A synonym dictionary file is a simple text-based file where you can define values in a pipe-separated format, and it can be used across multiple dataflows and workflows in a project. To add a synonym dictionary file, right-click on the project folder in the Project Explorer window > Add New Item > Synonym Dictionary File.
- Built-in Job Optimizer
Centerprise 7.6 introduces Job Optimizer that is designed to optimize and modify the flow at run-time with the goal of improving dataflow performance and decreasing running times and optimizing CPU, RAM, disk and network utilization. Job Optimizer, for example, can remove unnecessary sort operations from the dataflow when the data has previously been sorted, which can dramatically improve flow running time. Conversely, Job Optimizer can add ORDER BY clause on database sources where needed so that the sorting takes place in the database as opposed to on the ETL server.
In addition, Job Optimizer shows suggestions in the job trace to help the user further optimize the flow. An example below shows how Job Optimizer presents optimization improvements and suggestions in the job trace.
- Auto-determining field names for report models
This new feature automatically detects the header name for each column of the data region from the source file loaded into a report model.

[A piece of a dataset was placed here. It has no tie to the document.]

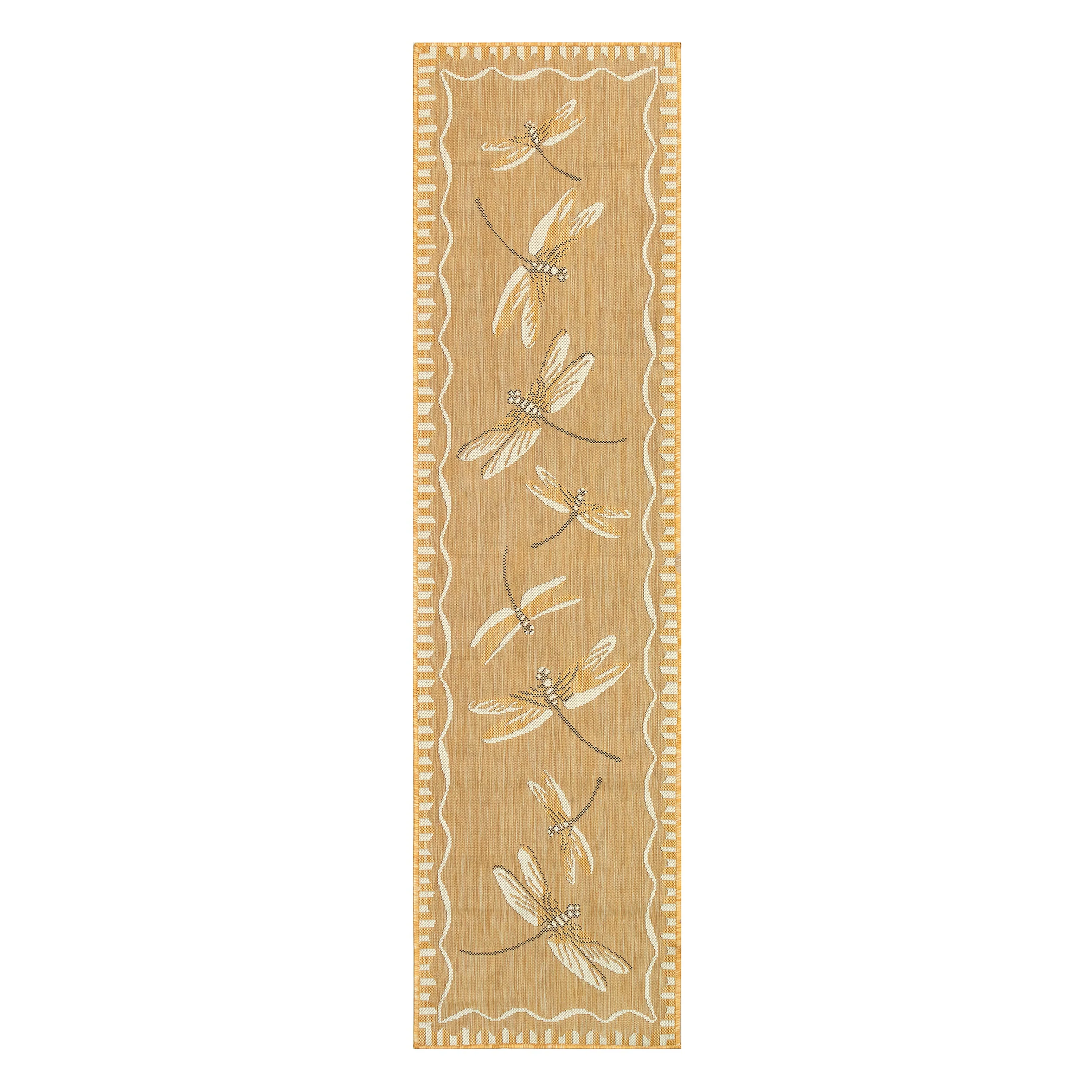 Indoor/Outdoor Dragonfly Rug, 23" x 7'6" - Image 4
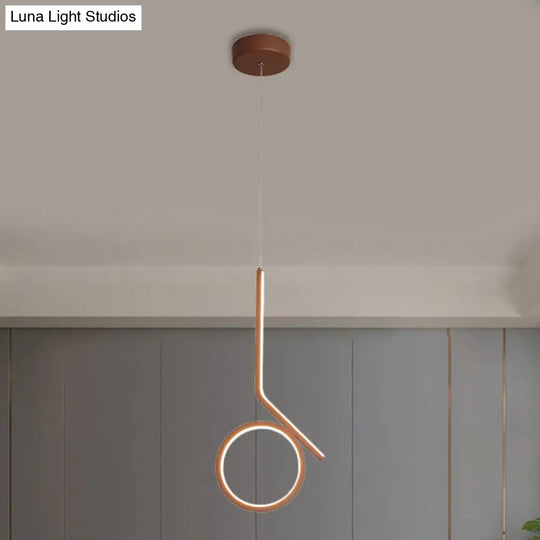 Round And Bent Linear Pendant Metallic Led Ceiling Fixture - Modernism Design In Brown Warm/White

To work with it, select the desired field, right-click on it and Auto Determine Field Names.
What’s Improved?¶
- Workflow performance and reliability
We have made some key improvements to the Astera server code to enhance the reliability and performance of workflows. Additional safeguards have been added to the workflow logic to make sure that workflows never get stuck in Running state even in the case of transient communication errors between the cluster servers and the repository database. Workflow completion times have also improved significantly as a result of these changes.
- Improvements in Resume and Terminate functionalities in the workflow
In the case of nested workflows and processes, if a child process (dataflow or workflow) returns an error and is not executed completely, the parent flow will automatically get terminated. Similarly, if a child flow is resumed then the parent flow will also be resumed automatically. Moreover, you now have the option to either resume your selected workflow from where it was terminated or rerun the entire flow from the beginning.

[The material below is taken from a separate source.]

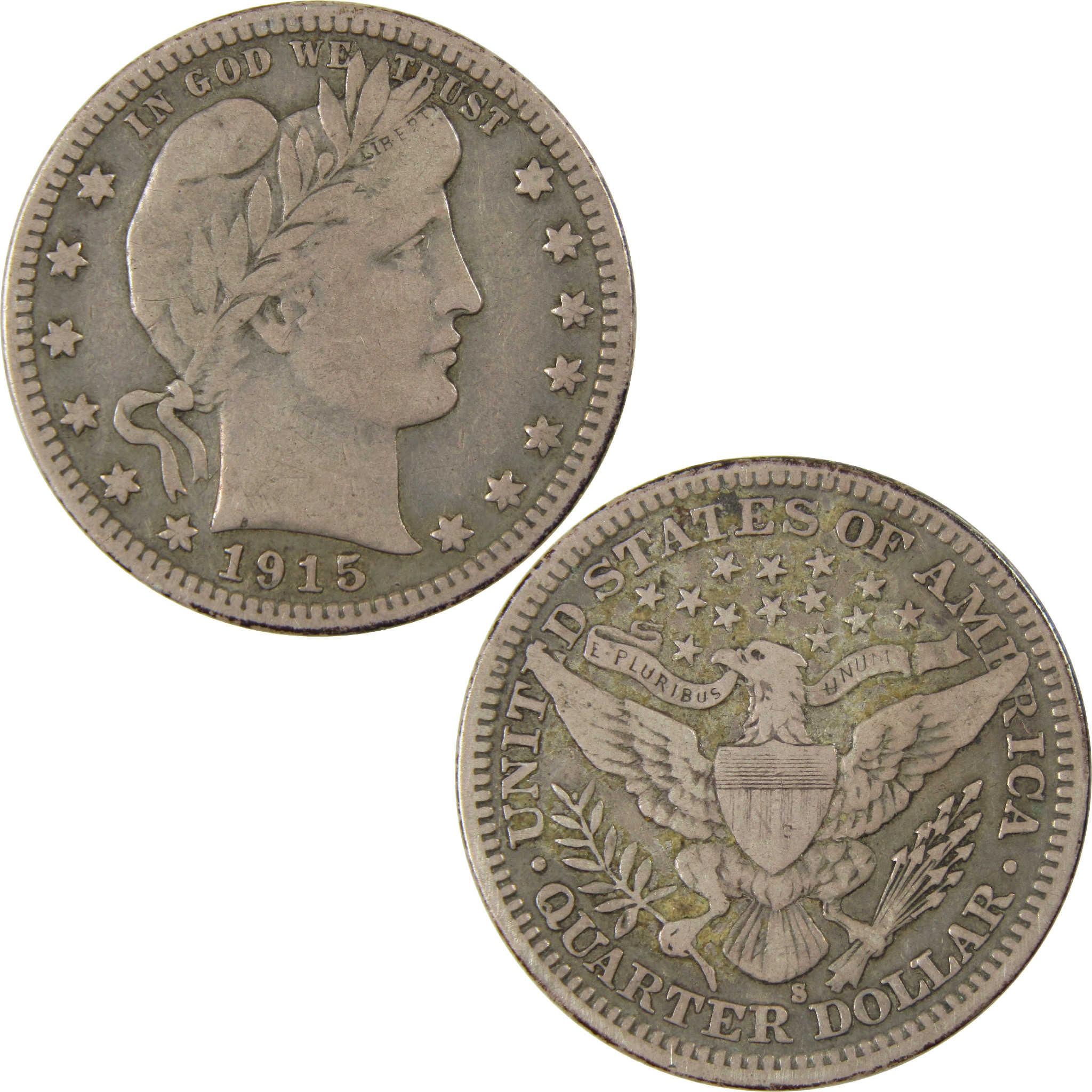 1915 S Barber Silver Quarter F Fine 25c Coin Collectible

To access the option, go to View > Monitor and right-click on the selected workflow job.
- New features in the Scheduler
A new option is added to the Scheduler which lets you skip a new instance of a job if the previous instance is still queued or running. This prevents multiple instances of the same job from queuing in the case of a busy server.
Continuous schedule code has been revised with the goal of improving the reliability and performance of Continuous schedules, especially when running a busy server with multiple schedule types present. A minimum delay of 5 seconds is now required between continuous schedule runs. This is done to make sure the continuous schedule doesn’t get in the way of other schedules competing for the server resources.
- Improvements to the Monitoring window
Centerprise 7.6 significantly improves UI response times when displaying and navigating long traces. This in turns help optimize the flow performance of the flows generating large trace output due to reduced database contention when reading and writing to the trace tables. In addition, the Monitoring window has a new Refresh button on the monitoring toolbar, which shows a snapshot of the current job status when the trace is paused.
Read more about the job trace improvements in Centerprise.
- New server configuration keys to improve flow performance when sorting large datasets
Centerprise 7.6 has a new Sort algorithm that is designed to optimize RAM and CPU use when performing sort operations on large datasets. This new model can bring about significant performance gains in certain scenarios. In addition, the server administrator is able to further optimize sort performance by modifying the additional configuration keys for Sort in ServerAdminConfig.xml file. Changing these settings can improve the performance of sorting operations by allowing the server to allocate more RAM if needed. Changing these values is recommended only if adequate RAM is available to the server during flow run-time.